* Provided entries
------------

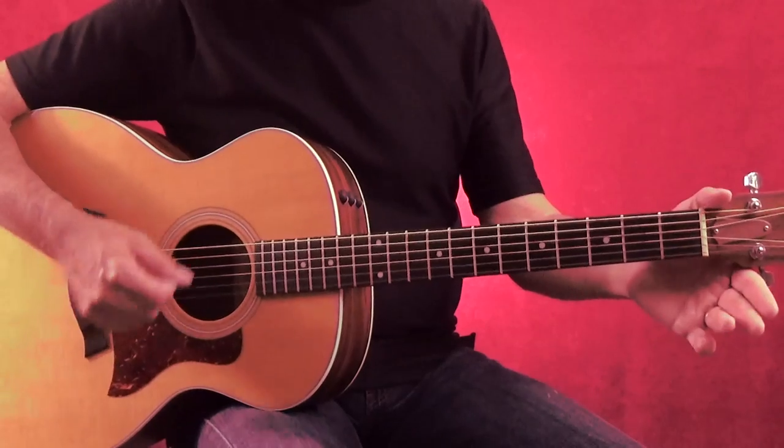In this lesson we're going to be working on strumming. You're going to hear that word a lot related to guitar. Usually when we say strumming, we're talking about playing all the strings at one time, like this.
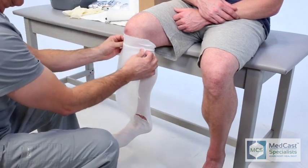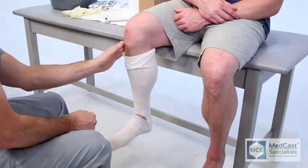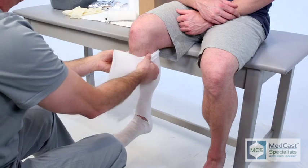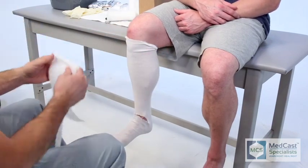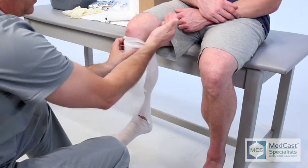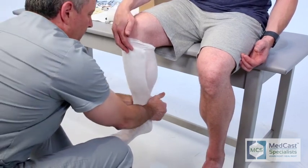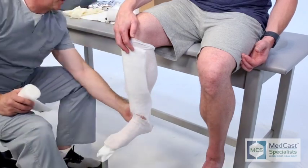A prominent area on your lower leg is your tibia, your shin. There's not a lot of soft tissue there, so he's showing how you can put an extra layer of padding there to start with — that way you don't have to wrap as much around the rest of the leg. The other important bony landmark he's pointing to is the fibular head. Make sure you do not go up with your fiberglass on top of the fibular head; you want to stay at least two or three fingers distal to that so you're not pinching off the peroneal nerve and causing a foot drop.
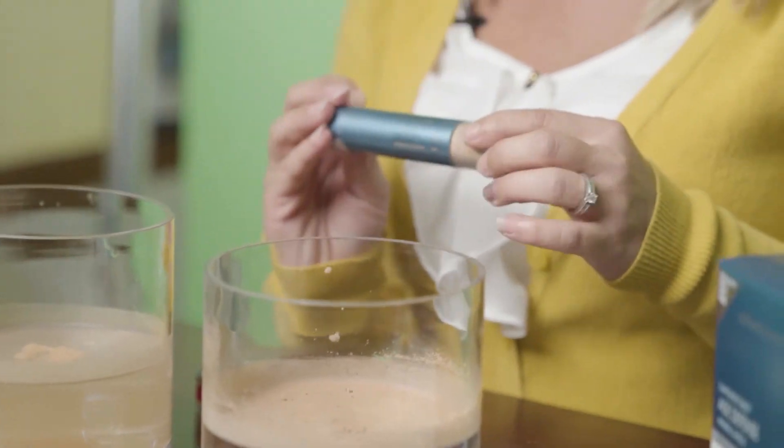If you have more questions about our Color Science SPF 50 brush, ask a team member or visit us at FloridaSkinCenter.com. Thank you.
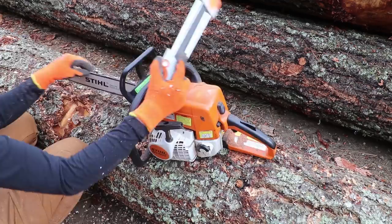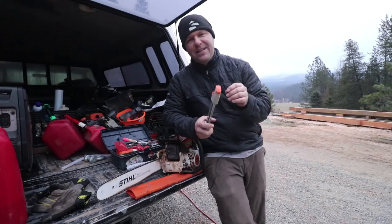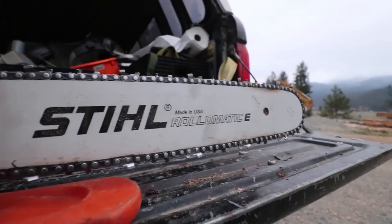A couple days ago I went to the store and grabbed a new chain because I thought we'd just replace it. I took a moment and filed down the rakers because I thought maybe they hadn't been touched enough and that was the issue, but it did not cut any better. I thought I'd just get that new chain on there and know the saw is good to go. But if you know me, you say to yourself: I never really understood what the problem was.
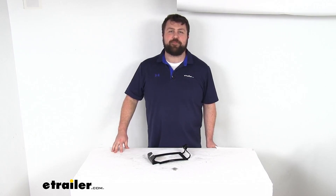So that completes our look for today. Again, I'm Michael with eTrailer.com. Thanks for watching.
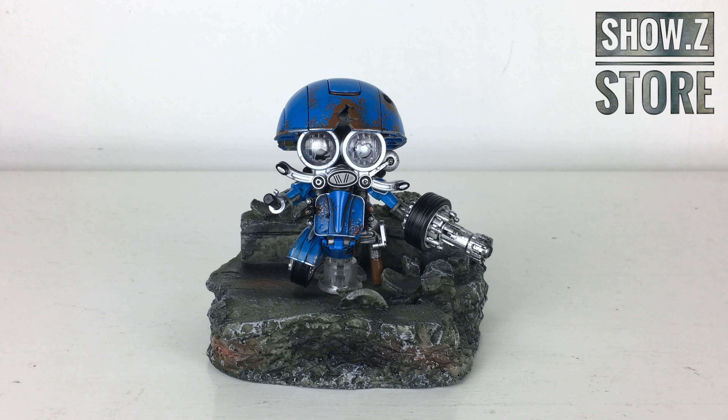Hello and welcome back to my channel. In today's review we're going to be taking a look at what I believe is the Weijang slash Black Apple Autobot Squeaks, based on his appearance from Transformers: The Last Knight. The official name for this product is the Blue Iron 4 Small Steel Cap, and this is actually part of a brand new model series.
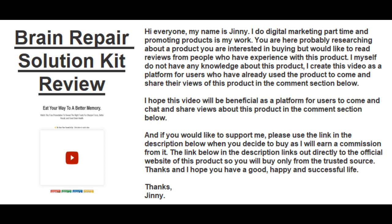And if you would like to support me, please use the link in the description below when you decide to buy, as I will earn a commission from it. The link in the description links directly to the official website of this product, so you will buy only from the trusted source.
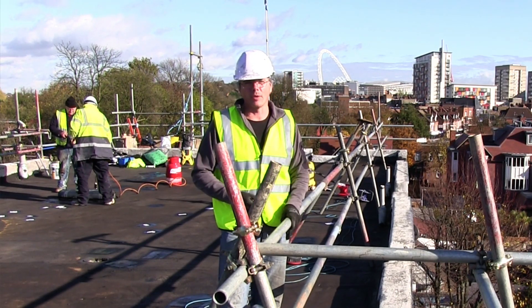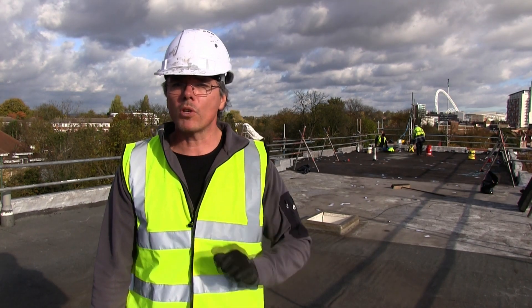My name's Stephen from London Flat Roofing. I hope you watch my next video. We'll see you next time.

------------

* What you will do
From the data above, retype only the lines starting with the line with "So that completes" and going on through the line with "And if you would", exactly, leaving out the pictures.

* Written response
So that completes our look for today. Again, I'm Michael with eTrailer.com. Thanks for watching.
Hello and welcome back to my channel. In today's review we're going to be taking a look at what I believe is the Weijang slash Black Apple Autobot Squeaks, based on his appearance from Transformers: The Last Knight. The official name for this product is the Blue Iron 4 Small Steel Cap, and this is actually part of a brand new model series.
And if you would like to support me, please use the link in the description below when you decide to buy, as I will earn a commission from it. The link in the description links directly to the official website of this product, so you will buy only from the trusted source.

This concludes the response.